La primera es un recurso emocional. Petro sabe que el antiamericanismo aún moviliza a viejos sectores radicales y lo utiliza como artificio sofístico. Presentarse como antagonista de Trump le permite reactivar ese reflejo ideológico. Al igual que otros regímenes autoritarios el gobierno colombiano necesitaba un enemigo externo para cohesionar a sus seguidores, desviar la atención de los escándalos internos y justificar una narrativa de resistencia. Lo encontró, recibiendo el apoyo incondicional del dictador Maduro quien afirmó: “Lo que es con Petro es conmigo”. Al mismo tiempo, la oposición a Trump le permite canalizar simpatías de la oposición demócrata en Estados Unidos intentando amortiguar la natural reacción. Pero lo que gana con Maduro lo pierde ante la opinión pública colombiana y la internacional. La alianza Petro - Maduro –recordemos la Zona Binacional- es una inocultable realidad.
La segunda bandera, la constituyente, es más peligrosa. No es una propuesta jurídica ni una respuesta institucional a una crisis democrática. Es un instrumento de poder. Petro busca con ella tres objetivos: primero, abrir la puerta –si puede- a su propia reelección, como lo sugieren las facultades extraordinarias incluidas en el proyecto de ley; segundo, gobernar sin mayorías, mediante una arquitectura constitucional que privilegie a minorías afines y permita imponer decisiones por vía de interpretaciones subjetivas; y tercero, reconfigurar el sistema político para que la oposición quede reducida a una formalidad, como ocurrió en Venezuela.
Petro se ha quedado sin calles, sin mayorías y sin rumbo. La evidencia de que ha perdido “las calles” es clara. Las convocatorias recientes han sido deslucidas y al momento de escribir esta columna, es previsible que las movilizaciones del viernes 24 de octubre confirmen esa tendencia. También se anticipa una baja participación en la consulta del Pacto Histórico del domingo 25, muy inferior a las votaciones que obtuvo Petro en sus mejores momentos. El desgaste es real. La calle ya no responde, por más violenta que se ponga y por más maniatadas que se encuentren las autoridades, como denunció el alcalde de Bogotá.
Antes de que los jóvenes —que votaron por promesas de cambio– le reclamen por su fracaso, se intenta instrumentalizarlos. Se sabe que la generación Z ha sido protagonista de movilizaciones en otros países contra gobiernos autoritarios y corruptos. Por eso pretenden canalizar su inconformismo hacia la violencia focalizada, promoviendo disturbios en universidades públicas de Bogotá y Cali, y tolerando inéditos ataques como los registrados con flechas durante la protesta frente a la embajada de Estados Unidos en Bogotá. No se trata de pedagogía política, del problema palestino o cualquier otro. Es manipulación emocional con fines de confrontación. El Movimiento Estudiantil colombiano se encuentra demorado en pronunciarse.

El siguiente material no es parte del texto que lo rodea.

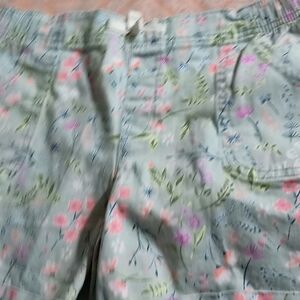Wonder Nation Floral Patterned Shorts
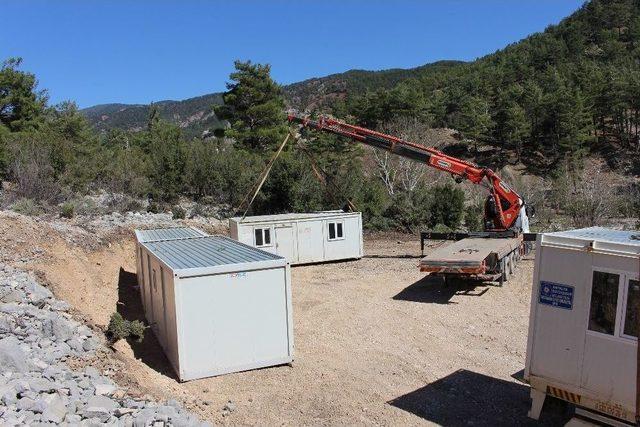 Kumluca Büyükalan Mahallesinde Yaralar Sarılıyor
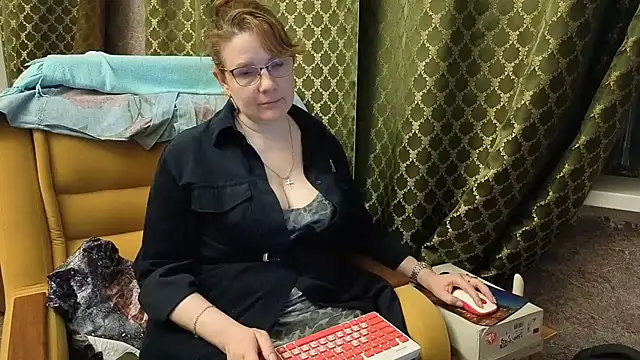 צ'אט XXX בשידור חי של Miss_SandraX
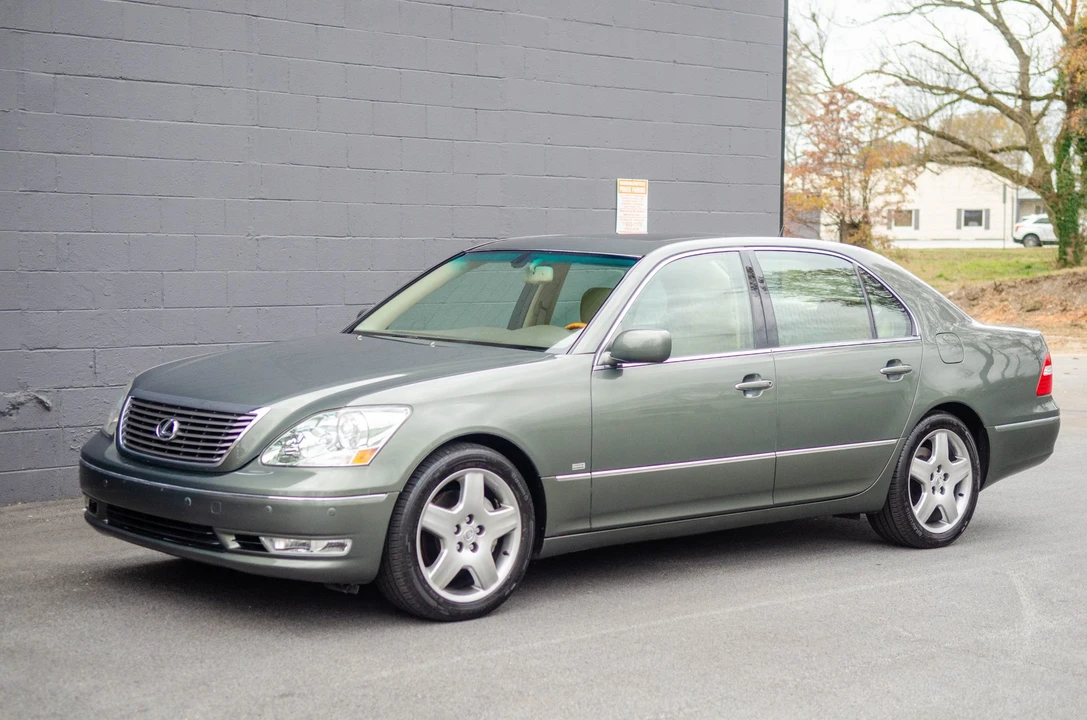2004 Lexus LS 3rd Gen - Image 2 of 31
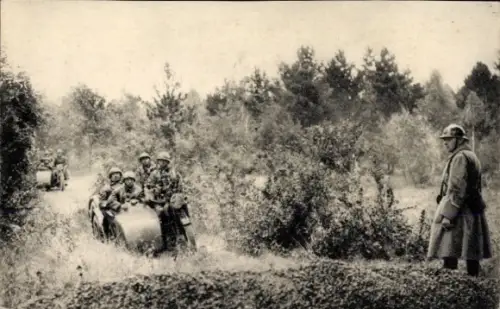 Ak Französische Soldaten, Motorradeinheit, Manöver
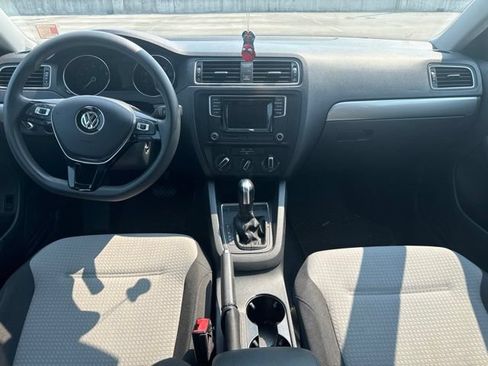 Used 2017 Volkswagen Jetta S FWD image 8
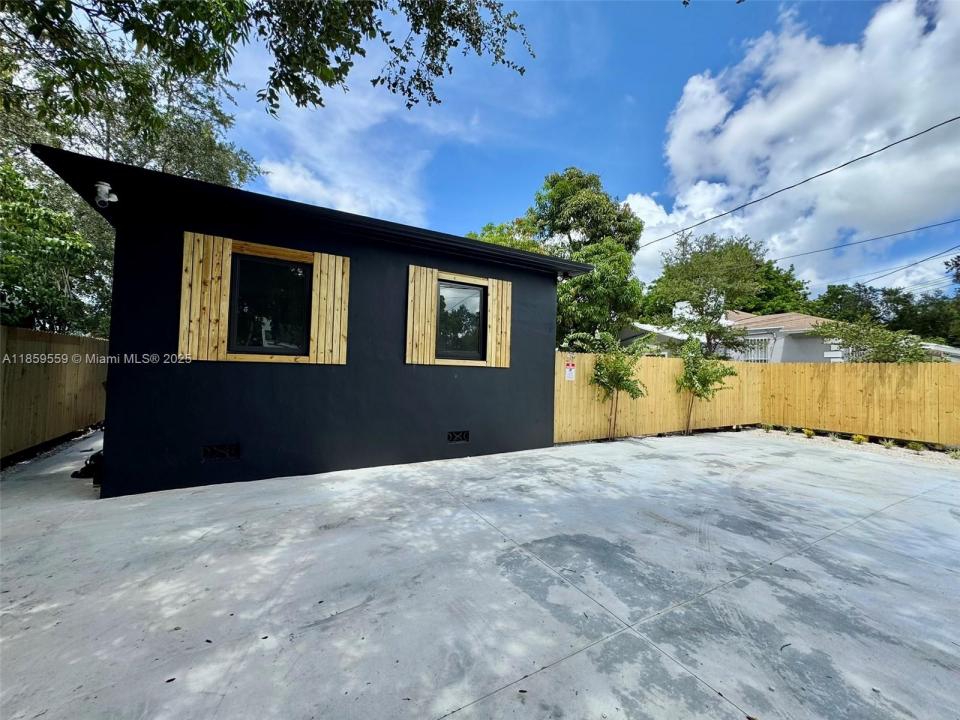 3 NE 70th St 3, Miami, Florida 33138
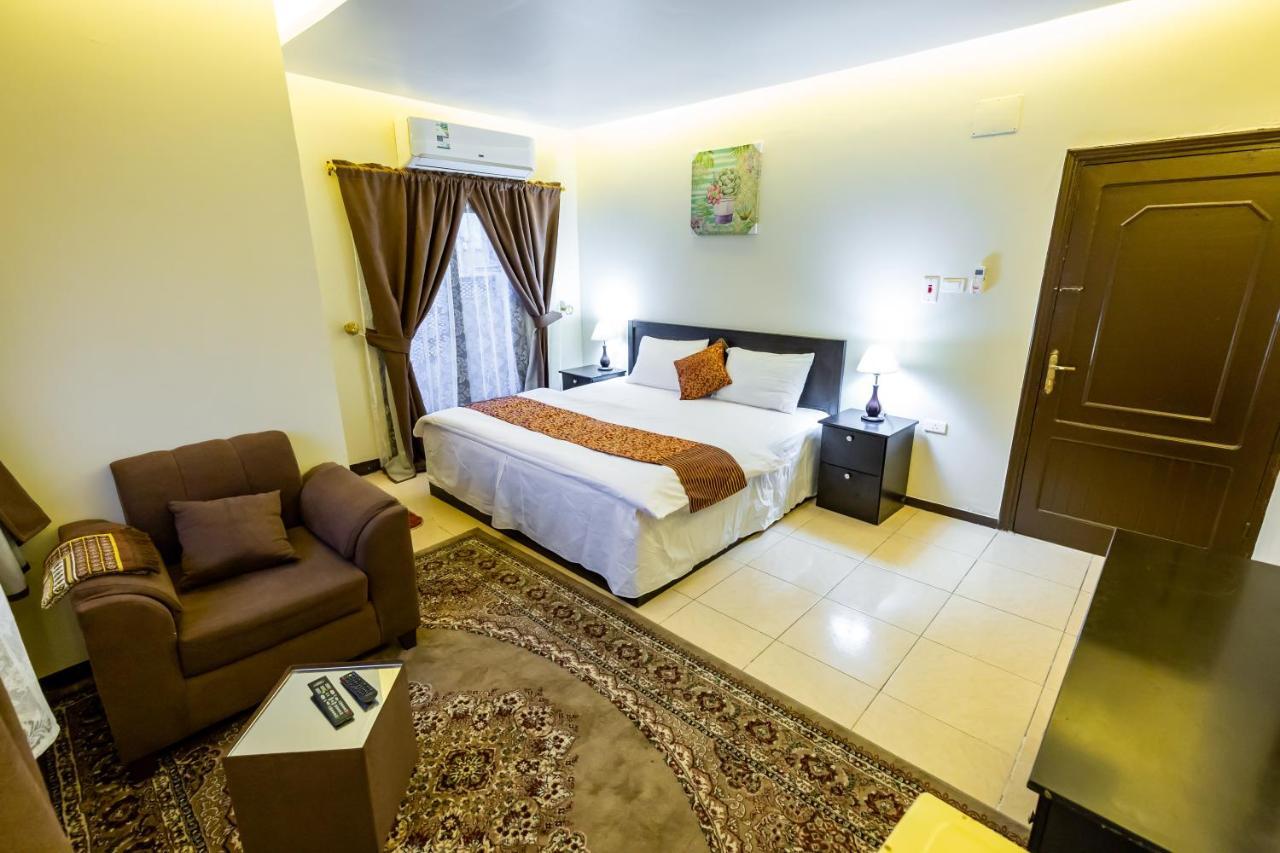 Al Eairy Furnished Apartments- Jeddah 1 Buitenkant foto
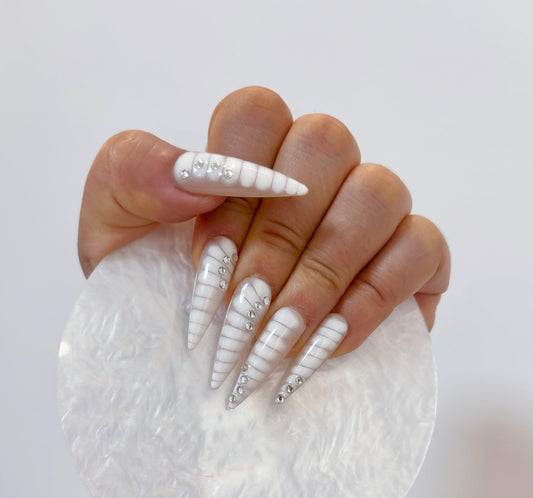 Daily Chic - Soft Beige Zebra Design - Customizable Handcrafted Press On Nails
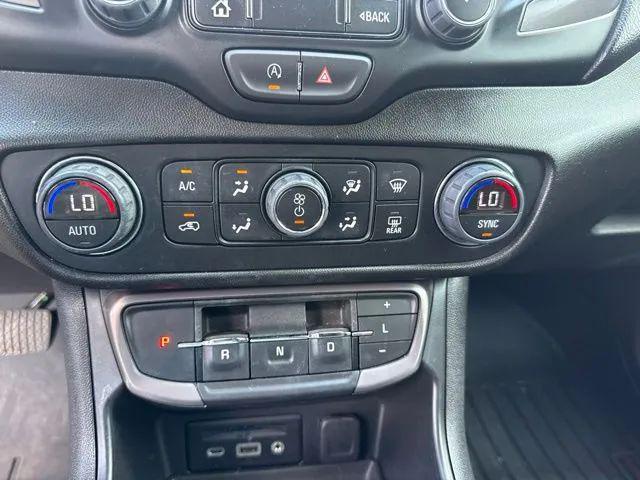 2023 GMC Terrain AWD AT4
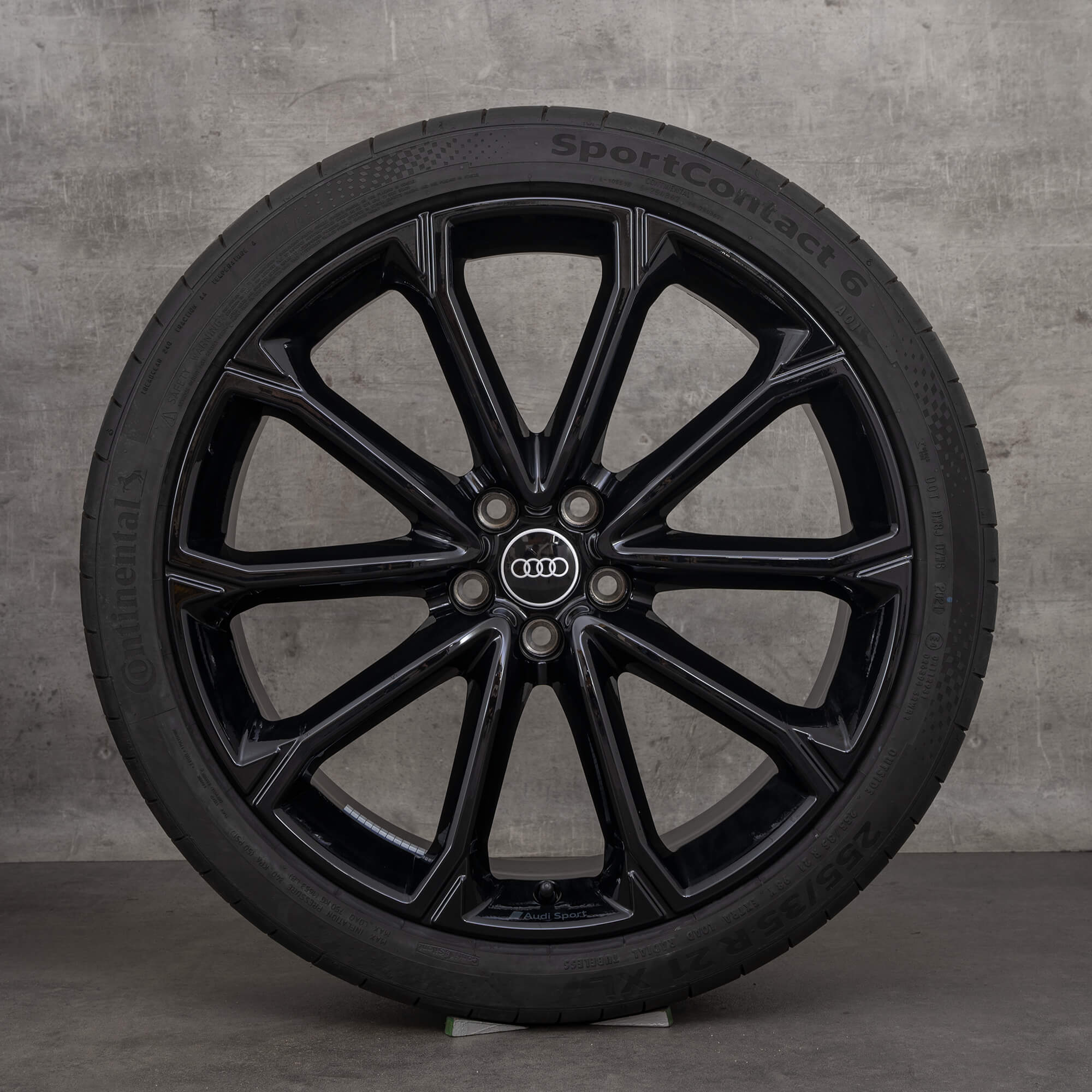 Audi 21 pulgadas llantas RSQ3 F3 neumáticos de verano ruedas 83A01025AK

Por eso la constituyente no es una propuesta democrática. Es una maniobra desesperada. No busca ampliar derechos ni corregir injusticias. Busca blindar un proyecto personal que ha perdido legitimidad. Y mientras tanto, los problemas reales de Colombia siguen sin atenderse: la crisis fiscal que heredará el próximo presidente, el colapso del sector de la construcción, la parálisis industrial, el deterioro de la inversión; el desastre de la salud y la “paz total”, etc. Nada de eso se resuelve con una constituyente ni con discursos contra Trump.
Es hora de que el país se ocupe de lo estructural. De que se despeje la agenda presidencial de artificios sofísticos y afrontemos la realidad con rigor. Colombia no necesita una nueva constitución. Necesita un nuevo gobierno que respete la que tenemos y la haga cumplir.